Inventory cycle runs at low levels, the silica market enters a steady upward channel

Hits: 1754 img

(June 2, 2026) As June 2026 began, the inventory structure of the domestic silica market underwent significant changes. The industry as a whole concluded the previous phase of accumulating inventory and entered a stage characterized by active inventory reduction and low levels of stockholdings. Under the combined effects of steady recovery in downstream demand, companies' efforts to control production and ensure supply, and the supporting role of raw material costs, the fundamental supply-and-demand dynamics in the silica market continued to improve. This led to a break from the previous pattern of sluggish fluctuations, and the market generally exhibited a positive trend characterized by low inventory levels, stable transactions, and gradual price increases. Overall, the prosperity of the industry continued to rise.

Looking back at the early part of Q2 this year, the domestic silica market was experiencing a moderate increase in inventory levels. Due to the traditional off-season in spring, industries such as footwear manufacturing and general rubber products saw weaker production activity, which slowed down terminal purchasing trends. Additionally, as some companies began operating new production capacities on a large scale, the market had an relatively abundant supply of goods. As a result, most manufacturers and traders had moderately high inventory levels, putting pressure on market prices and limiting upward momentum. Overall, the industry focused on maintaining stable prices while trying to increase sales volumes.

In June, the fundamental conditions of the market improved significantly. As temperatures rose, traditional downstream industries gradually entered their peak production periods. Enterprises producing rubber products, footwear materials, and coatings saw increasing operating rates, which led to a steady rise in their demand for silica.At the same time, high-end sectors such as new energy tires, photovoltaic sealants, and lithium battery coatings have continued to maintain a high level of operations. There is a persistent shortage of high-quality fumed silica supplies, which has effectively accelerated the overall reduction of inventory in the industry. According to industry inventory monitoring data, the current overall inventory levels of domestic fumed silica manufacturers are at relatively low levels for the year, with most mainstream suppliers having less than 15 days of available stock.

The inventory situation varies significantly across different product categories, reflecting clear structural differences in the market. The inventory of general-purpose precipitated fumed silica is generally reasonable, with supply and demand in balance, and prices remain stable with no significant fluctuations. In contrast, there is a persistent shortage of specialized fumed silica for high-performance tires, fumed silica produced by the gas-phase method, and hydrophobic-modified fumed silica. Some mainstream product specifications are in short supply, resulting in longer lead times for manufacturers to process orders.

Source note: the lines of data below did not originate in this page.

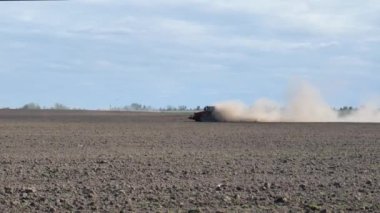 Traktör, toza dönüşmüş bir ocak direğiyle tarlayı sürüyor. sonbahar tarım işleri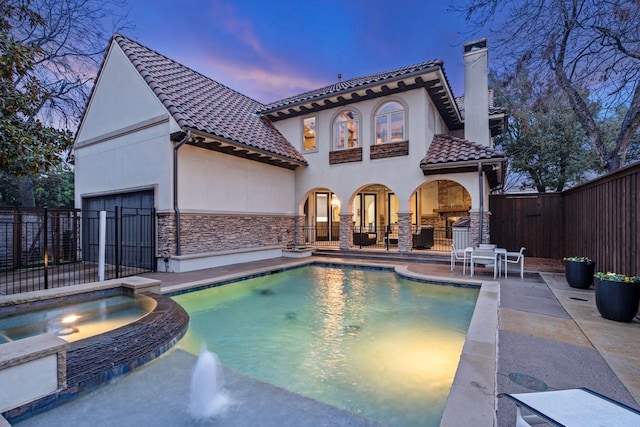 back of property at dusk featuring a patio, a chimney, a pool with connected hot tub, stone siding, and a fenced backyard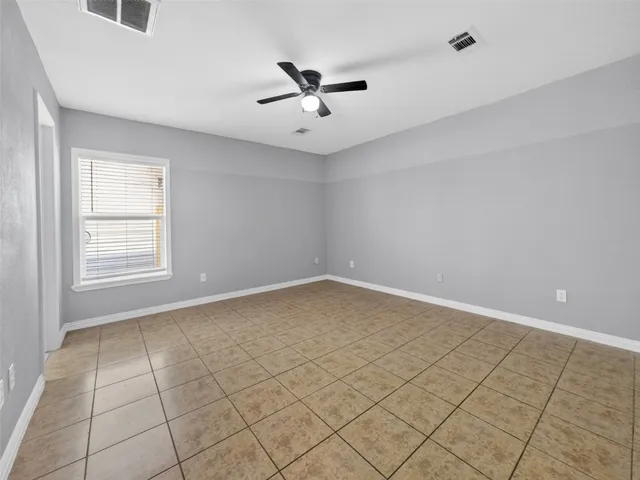 an empty room with windows and ceiling fan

Some companies are now limiting the number of orders they accept or scheduling production based on actual demand, causing prices for high-end products to rise slightly.

On the production side, companies are taking measures to control output and stabilize prices, further reinforcing the trend of low inventory levels. In response to changing market conditions, domestic fumed silica manufacturers have adjusted their production schedules flexibly, abandoning the previous practice of operating at full capacity without regard to market demand. Additionally, temporary equipment maintenance and environmental regulations in certain production areas have helped to alleviate the pressure on market supply.The overall operating rate of the industry remains within a reasonable range of 70%, which not only prevents price competition caused by an oversupply of goods but also ensures the supply of essential products for end-users, thus contributing to the continuous reduction of market inventories.

On the cost side, these factors continue to provide strong support for market prices. Recently, the prices of key raw materials such as soda ash, sulfuric acid, and quartz sand have remained high and volatile, resulting in elevated production costs for manufacturers. This has compressed the industry’s profit margins, leading to a low willingness among companies to sell goods at lower prices, and a general tendency to maintain prices. With the combined effect of low inventories and high costs, the market’s resilience against declines has significantly increased, completely reversing the previously weak market sentiment. Traders are more proactive in purchasing goods, and the overall market transaction activity is improving.

As market sentiment gradually improves and industry confidence recovers, there was previously a strong tendency for observers in the market to wait and stock up. However, now that inventories have decreased and demand has picked up, many downstream enterprises are stocking up in advance, and traders are increasing their inventory replenishments. As a result, market liquidity has significantly improved. The market has shifted from focusing on “essential purchases based on actual demand” to “moderate advance stockpiling,” ensuring healthy inventory turnover and further strengthening the foundation for upward market trends.

Regarding the future direction of the market, industry analysts believe that, based on considerations such as inventory levels, supply and demand dynamics, and cost factors, the domestic silica gel market will continue to operate within a context of low inventories in the short term.As the peak season for traditional consumption in the third quarter approaches, terminal demand will continue to increase, and the pace at which inventories are reduced is expected to accelerate further. Coupled with the fact that raw material costs are unlikely to decline in the short term, the overall trend in the silica market will remain stable with some upward momentum. For high-end functional products, due to tight supply, there is even more room for price increases, and the overall prosperity of the industry will continue to improve.